3. This leads on to the question as to how and in what manner the order for eviction passed by the Rent Controller could be executed. In fact, this point involves a consideration of the second point urged by the learned Counsel for the petitioner. It is conceded that the execution of the order of eviction passed by the Rent Controller was sought by the respondent under Section 18 of the Madras Act XVIII of 1960. While dealing with the execution of orders, this section provides that every order passed by the Rent Controller (it is not necessary to set out other details in this section for the purpose of this case) shall be executed by the City Civil Court in the City of Madras as if it were a decree passed by the said Court. By such a fiction the order passed by the Rent Controller is converted into a decree of a civil Court and this notional conversion by the operation of the fiction makes it a decree of a civil Court. If this were so, Article 182 of the Limitation Act as it then was, under the old Act, is naturally attracted. I do not agree with the extreme contention of the learned Counsel for the petitioner that the expression 'as if it is a decree of a civil Court' appearing in Section 18 of the Madras Act XVIII of 1960 is not intended to give to an order of the Rent Controller placed in the hands of the City Civil Court, a status of a decree of a civil Court. In fact, the effect, content and real purpose of Section 18 of Madras Act XVIII of 1960 is to cloth the City Civil Court with the jurisdiction to execute the order of a tribunal constituted under Act XVIII of 1960 or a Rent Controller for the matter of that as if it were its own decree, meaning thereby a decree of a civil Court.
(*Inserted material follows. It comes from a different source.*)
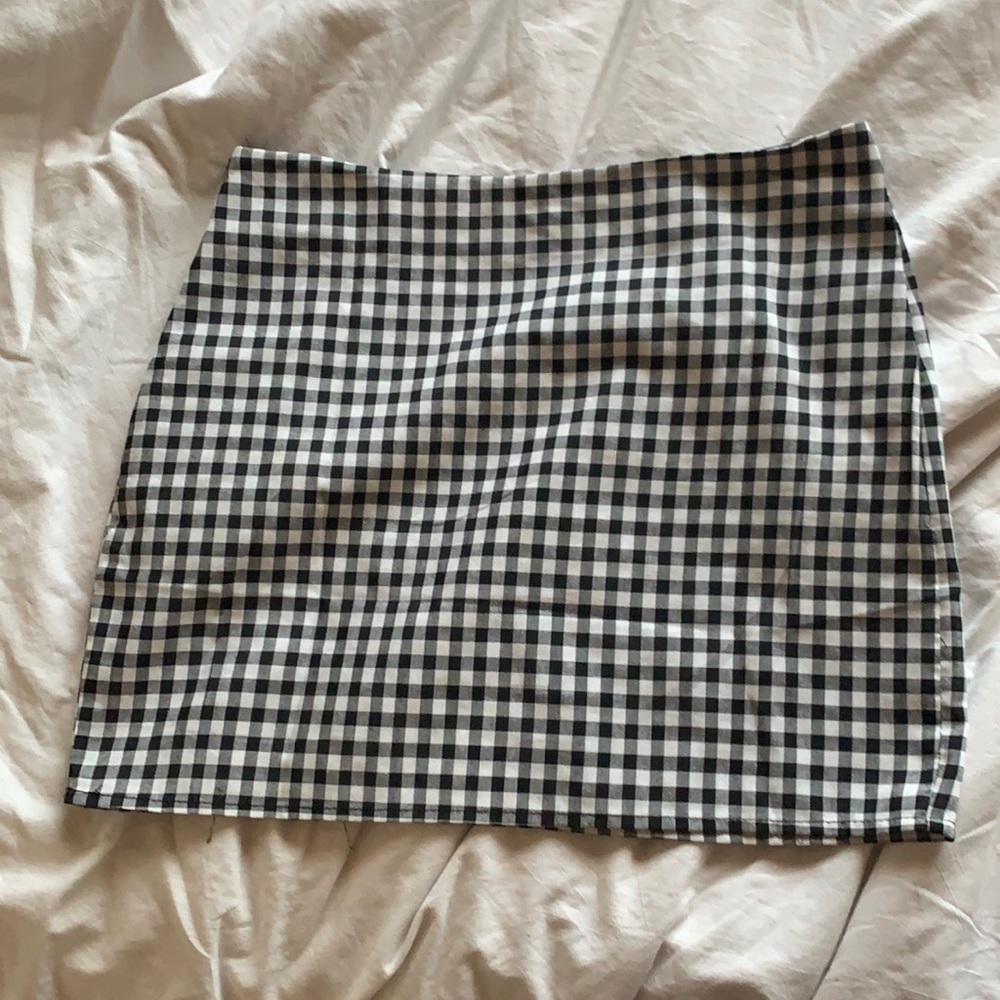Black and white checkered skirt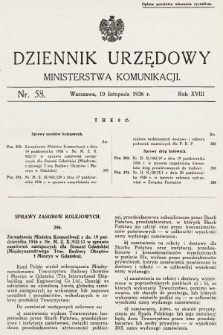 Dziennik Urzędowy Ministerstwa Komunikacji. 1936, nr 58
4. It, therefore; follows that it is a decree of a civil Court that was sought to be executed by the respondent ever since 1958. He attempted once in the year 1958, followed it up in 1961 and thereafter in 1966 taking advantage of the provisions of the new Indian Limitation Act of 1963. There can be no doubt at all that the respondent had at all material times the right to execute this decree. The order which has entered into the portals of the City Civil Court for the purpose of execution should be deemed to be a decree of a civil Court. In this view, the second contention that as the decree is not that of a civil Court, but that of the Rent Controller and hence inexecutable, cannot be countenanced at all.
5. Rightly, therefore, the learned City Civil Judge dismissed the objections raised for the execution of the order. I do not find any reasons to differ from the reasoning and the result arrived at by the lower Court. This Civil Revision Petition is therefore, dismissed with costs. The petitioner is granted four months' time to vacate.